A entrevista foi concedida ao radialista Alberto Leguelé e nela o executivo externa que, por desejar contribuir de forma diferente ao município de Mucuri, resolveu ingressar na política local para trazer à gestão pública princípios baseados em fatos, indicadores e gerenciamento com visão de longo prazo. Assim, poderia equilibrar essa equação que não se alinha em Mucuri: riqueza x pobreza. Município muito rico e população muito pobre.

Ele explica que inicialmente foi introduzido na política local pelo senador Jaques Wagner e o deputado Walmir Assunção, como pré-candidato pelo Partido dos Trabalhadores (PT). Porém, necessitava de aliança com o MDB local, do ex prefeito Milton Borges. Isso ficou inviabilizado porque havia a decisão do PT, em esfera nacional, de não composição com o MDB.

Diante dessa situação, ele acabou aceitando convite feito pelo presidente do Partido Progressista, Fernando Jardim e o ex vereador Antônio Washington. Cajazeira conta que, diante diversas pessoas, o vice-prefeito e presidente da legenda deu sua palavra de honra que, filiando-se, ele seria o candidato a prefeito Progressista.

Buscando composições, encontrou alinhamento ideológico com os também pré-candidatos, Beto Borges, Rielma e Koch. Para testar a estratégia adotada pelo grupo e a aceitação das ideias pelo eleitorado foi realizada pesquisa, feita por telefone devido a limitações nesse período de pandemia, por instituto indicado por Fernando Jardim. O resultado apontou a assertiva das propostas: entre os cinco primeiros colocados, quatro eram do grupo. Na liderança aparecia o pré-candidato Paulinho, que deve enfrentar restrições jurídicas, na sequência, Beto, Cajazeira, Rielma e Koch.

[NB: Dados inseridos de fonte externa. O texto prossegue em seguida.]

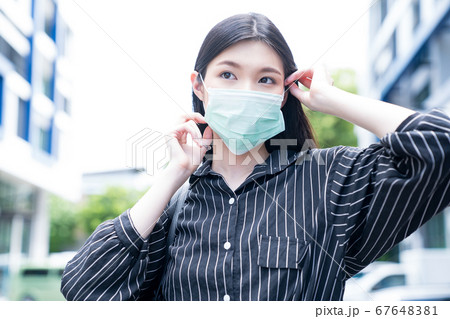 フェースマスクを外そうとしている若い女性 フェースマスクを外そうとしている若い女性 67648381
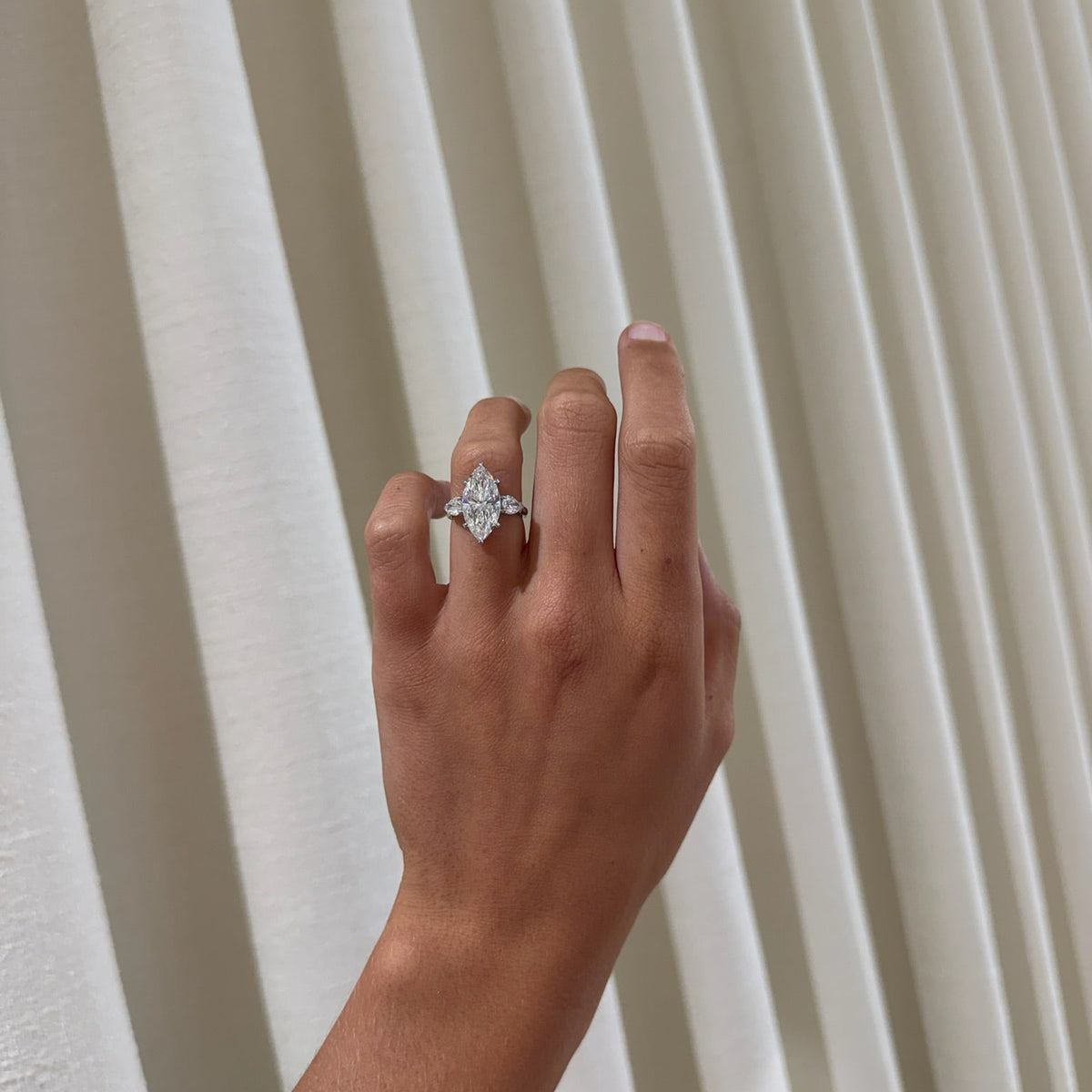 5.09ct Lab Grown Marquise Diamond in a Three-Stone Setting with Pear sides and Diamonds on the Prongs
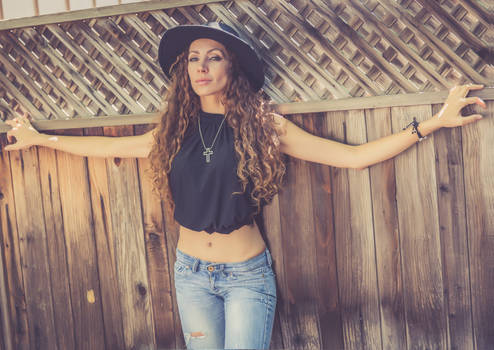 Sexy girl on the wood wall in the hat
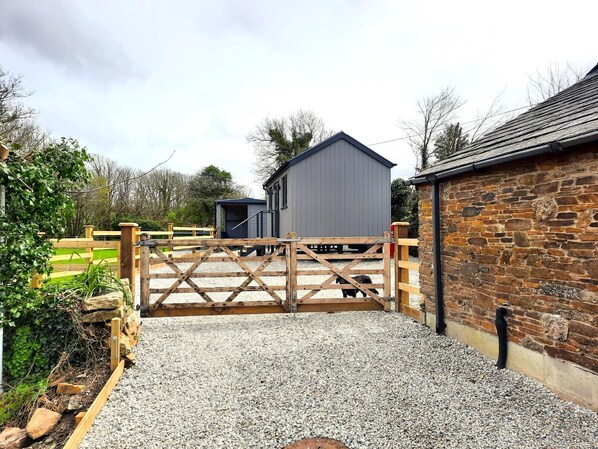 Stables and outbuildings surround this serene countryside setting.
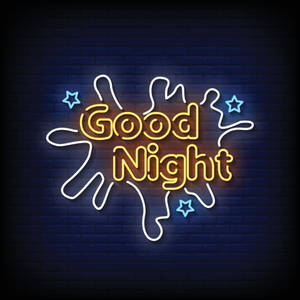 夜間磚牆上帶有星星的霓虹燈牌寫著 Good Night — 晚安 壁紙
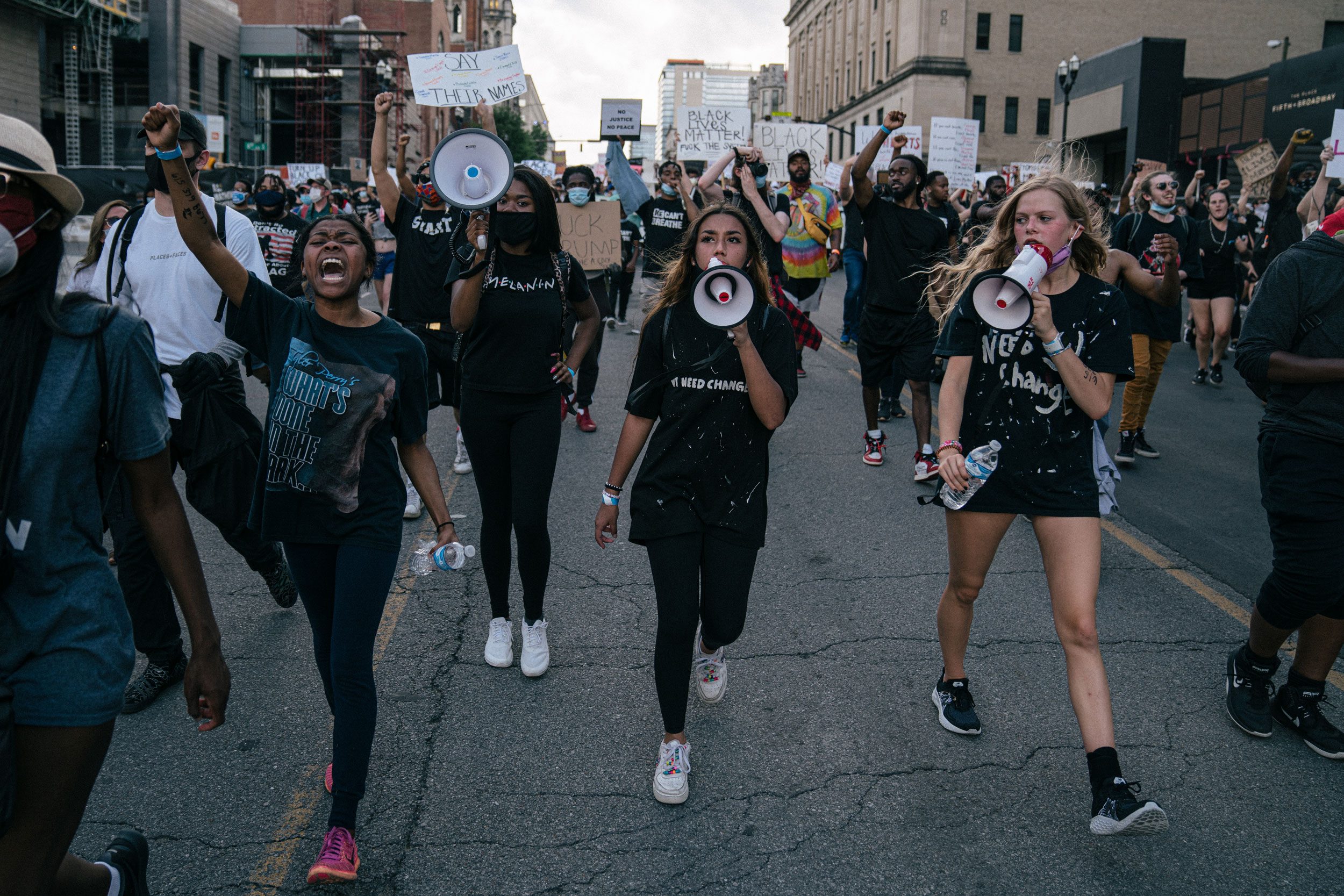 Protesters march down a city street, holding signs and shouting through megaphones, surrounded by buildings and other demonstrators.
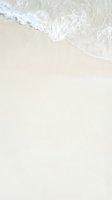Aerial view of gentle ocean waves washing onto pristine sandy beach, creating soft foam patterns. Ideal for travel, vacation, and coastal design projects.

Apesar do resultado positivo na pesquisa, o pré-candidato Jorge Cajazeira foi surpreendido com a decisão unilateral do presidente do Partido Progressista, Fernando Santa Marta, que, na escolha do pré-candidato, optou pelo critério financeiro. Foi escolhido como representante da legenda o empresário Marquinhos Gazzineli, pelo fato dele ter mais recursos financeiros e disposição para investir na própria campanha.

Cajazeira lamentou a escolha feita através de um processo obscuro e o fato de o representante local do Partido Progressista em Mucuri não ser uma pessoa que honra a palavra dada. Disse também que, por não concordar com a dinâmica de trabalho do partido na esfera local, não vai apoiar o candidato escolhido por Fernando Jardim. Será mantido o apoio voluntário ao nome que se mostrar mais competitivo entre Beto Borges, Rielma e Koch.

Encerrando, o entrevistado citou viagem feita à Africa onde visitou a prisão onde ficou Nelson Mandela e saiu de lá com importante mensagem de paz: "Enquanto houver injustiça e desigualdades nenhum de nós poderá verdadeiramente descansar".

"Enquanto houver injustiça e desigualdade a este nível que existe hoje em Mucuri, onde 20 milhões estão disponíveis em impostos que nós pagamos e esse dinheiro é desvirtuado no caminho não é possível se calar, não é possível aceitar. Então o poderio financeiro se sobrepor às ideias é um pensamento anti Mandela, um pensamento anti ético. Por isso, eu creio,que essas palavras inspiram. Acho que o povo de Mucuri deve ter uma decisão sábia nessa eleição e votar nos candidatos que busquem essa bandeira: reduzir desigualdades, ser mais justo, e socialmente integrado".